**Directions for this task**. Each line of the data has to be transcribed exactly.
::::
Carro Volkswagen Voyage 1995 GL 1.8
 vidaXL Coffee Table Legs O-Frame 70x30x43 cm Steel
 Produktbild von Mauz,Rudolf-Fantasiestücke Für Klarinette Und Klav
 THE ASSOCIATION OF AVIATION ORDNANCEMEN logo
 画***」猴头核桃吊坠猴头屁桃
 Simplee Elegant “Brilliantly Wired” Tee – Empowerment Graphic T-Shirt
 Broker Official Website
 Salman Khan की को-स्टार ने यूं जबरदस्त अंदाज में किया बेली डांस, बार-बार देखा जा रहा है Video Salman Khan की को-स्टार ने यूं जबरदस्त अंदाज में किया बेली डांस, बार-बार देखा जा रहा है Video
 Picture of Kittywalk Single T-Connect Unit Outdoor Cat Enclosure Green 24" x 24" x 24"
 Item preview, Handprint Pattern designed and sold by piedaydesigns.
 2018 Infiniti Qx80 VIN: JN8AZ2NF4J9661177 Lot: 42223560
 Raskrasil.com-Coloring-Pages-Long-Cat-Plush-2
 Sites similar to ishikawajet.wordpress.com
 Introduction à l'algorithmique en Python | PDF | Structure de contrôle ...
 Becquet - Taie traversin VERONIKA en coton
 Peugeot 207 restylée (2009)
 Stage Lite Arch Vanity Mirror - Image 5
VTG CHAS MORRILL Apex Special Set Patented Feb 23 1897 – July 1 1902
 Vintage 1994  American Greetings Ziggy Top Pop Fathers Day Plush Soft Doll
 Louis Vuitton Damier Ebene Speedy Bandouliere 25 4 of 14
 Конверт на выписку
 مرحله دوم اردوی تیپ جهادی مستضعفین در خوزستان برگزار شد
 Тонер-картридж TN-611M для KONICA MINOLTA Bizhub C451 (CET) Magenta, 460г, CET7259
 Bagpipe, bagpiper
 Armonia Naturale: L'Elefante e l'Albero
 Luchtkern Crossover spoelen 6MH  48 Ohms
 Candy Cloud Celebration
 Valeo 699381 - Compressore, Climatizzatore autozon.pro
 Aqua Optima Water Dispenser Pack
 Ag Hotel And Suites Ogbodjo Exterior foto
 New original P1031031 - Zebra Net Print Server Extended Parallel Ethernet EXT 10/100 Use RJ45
::::
**Response for this exercise**.
Carro Volkswagen Voyage 1995 GL 1.8
 vidaXL Coffee Table Legs O-Frame 70x30x43 cm Steel
 Produktbild von Mauz,Rudolf-Fantasiestücke Für Klarinette Und Klav
 THE ASSOCIATION OF AVIATION ORDNANCEMEN logo
 画***」猴头核桃吊坠猴头屁桃
 Simplee Elegant “Brilliantly Wired” Tee – Empowerment Graphic T-Shirt
 Broker Official Website
 Salman Khan की को-स्टार ने यूं जबरदस्त अंदाज में किया बेली डांस, बार-बार देखा जा रहा है Video Salman Khan की को-स्टार ने यूं जबरदस्त अंदाज में किया बेली डांस, बार-बार देखा जा रहा है Video
 Picture of Kittywalk Single T-Connect Unit Outdoor Cat Enclosure Green 24" x 24" x 24"
 Item preview, Handprint Pattern designed and sold by piedaydesigns.
 2018 Infiniti Qx80 VIN: JN8AZ2NF4J9661177 Lot: 42223560
 Raskrasil.com-Coloring-Pages-Long-Cat-Plush-2
 Sites similar to ishikawajet.wordpress.com
 Introduction à l'algorithmique en Python | PDF | Structure de contrôle ...
 Becquet - Taie traversin VERONIKA en coton
 Peugeot 207 restylée (2009)
 Stage Lite Arch Vanity Mirror - Image 5
VTG CHAS MORRILL Apex Special Set Patented Feb 23 1897 – July 1 1902
 Vintage 1994  American Greetings Ziggy Top Pop Fathers Day Plush Soft Doll
 Louis Vuitton Damier Ebene Speedy Bandouliere 25 4 of 14
 Конверт на выписку
 مرحله دوم اردوی تیپ جهادی مستضعفین در خوزستان برگزار شد
 Тонер-картридж TN-611M для KONICA MINOLTA Bizhub C451 (CET) Magenta, 460г, CET7259
 Bagpipe, bagpiper
 Armonia Naturale: L'Elefante e l'Albero
 Luchtkern Crossover spoelen 6MH  48 Ohms
 Candy Cloud Celebration
 Valeo 699381 - Compressore, Climatizzatore autozon.pro
 Aqua Optima Water Dispenser Pack
 Ag Hotel And Suites Ogbodjo Exterior foto
 New original P1031031 - Zebra Net Print Server Extended Parallel Ethernet EXT 10/100 Use RJ45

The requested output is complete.